### SUPPLIED DATA:
────────────────────
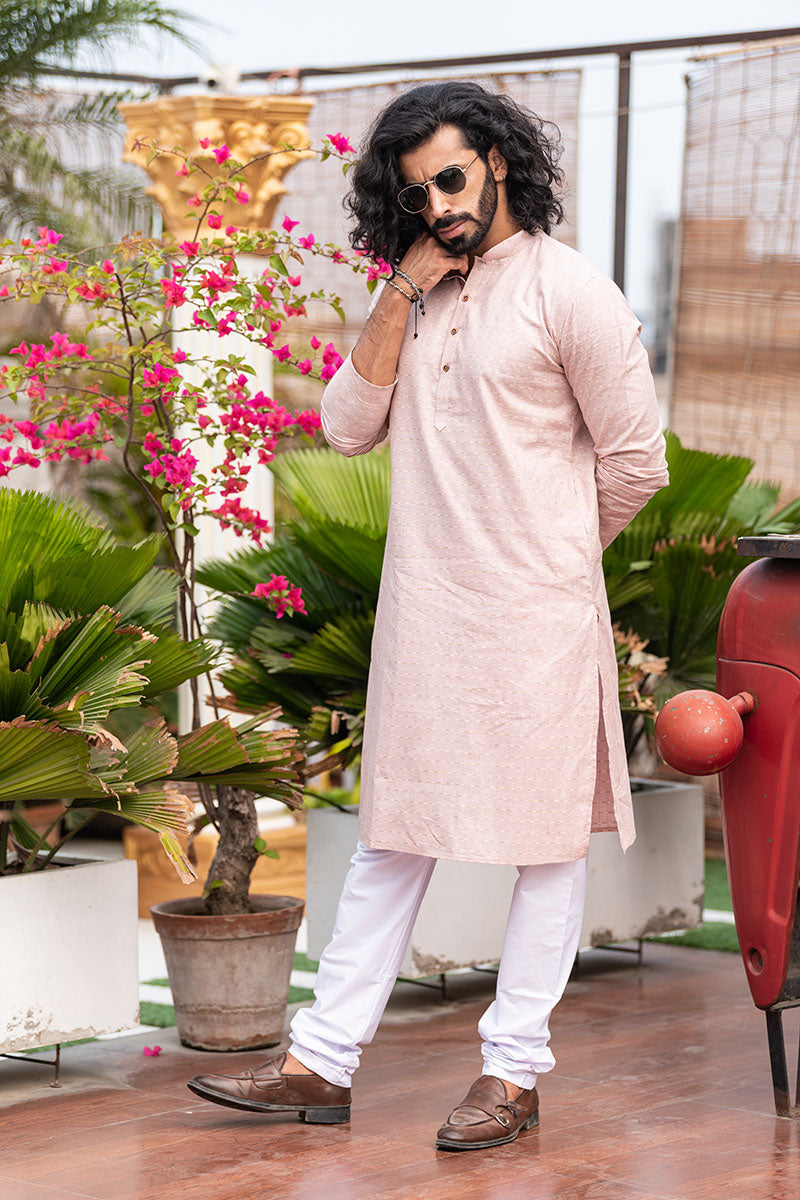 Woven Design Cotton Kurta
────────────────────
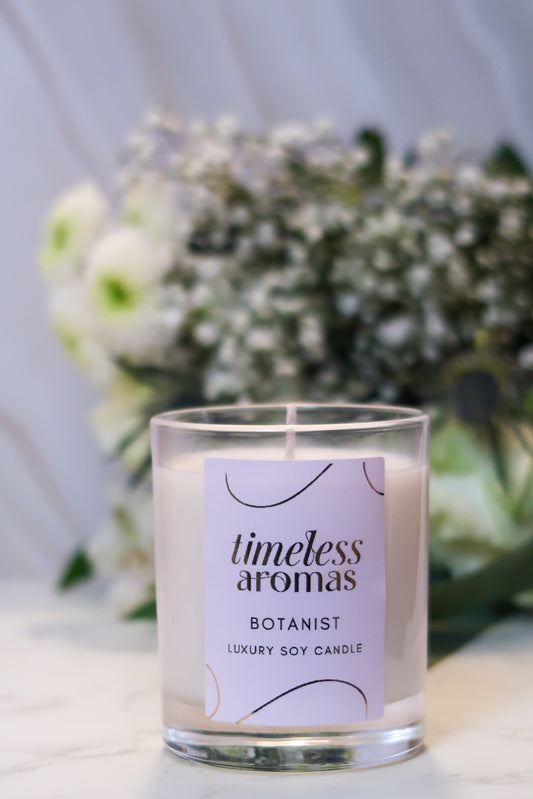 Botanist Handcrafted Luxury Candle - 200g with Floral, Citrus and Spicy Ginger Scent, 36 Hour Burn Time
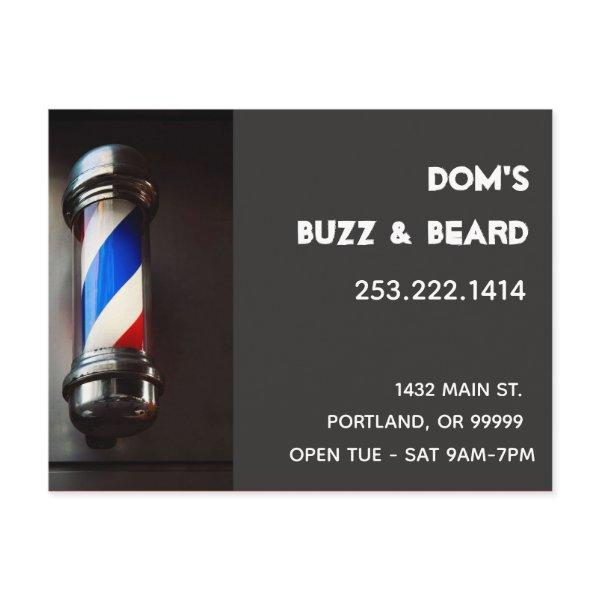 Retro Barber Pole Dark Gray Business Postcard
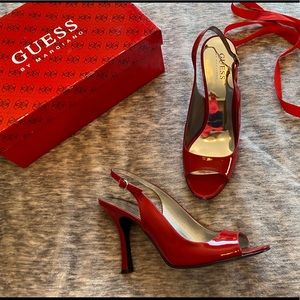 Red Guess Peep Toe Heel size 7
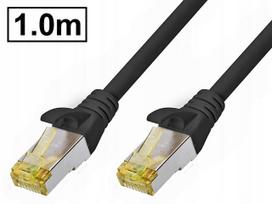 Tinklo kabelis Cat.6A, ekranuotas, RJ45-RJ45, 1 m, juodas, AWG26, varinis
────────────────────
### INSTRUCTIONS TO FOLLOW:
While skipping the pictures, transcribe the data above from the line showing "Botanist Handcrafted Luxury" through the line showing "Tinklo kabelis Cat.6A, ekranuotas, RJ45-RJ45, 1", exactly and with both ends.

### YOUR RESPONSE:
 Botanist Handcrafted Luxury Candle - 200g with Floral, Citrus and Spicy Ginger Scent, 36 Hour Burn Time
 Retro Barber Pole Dark Gray Business Postcard
 Red Guess Peep Toe Heel size 7
 Tinklo kabelis Cat.6A, ekranuotas, RJ45-RJ45, 1 m, juodas, AWG26, varinis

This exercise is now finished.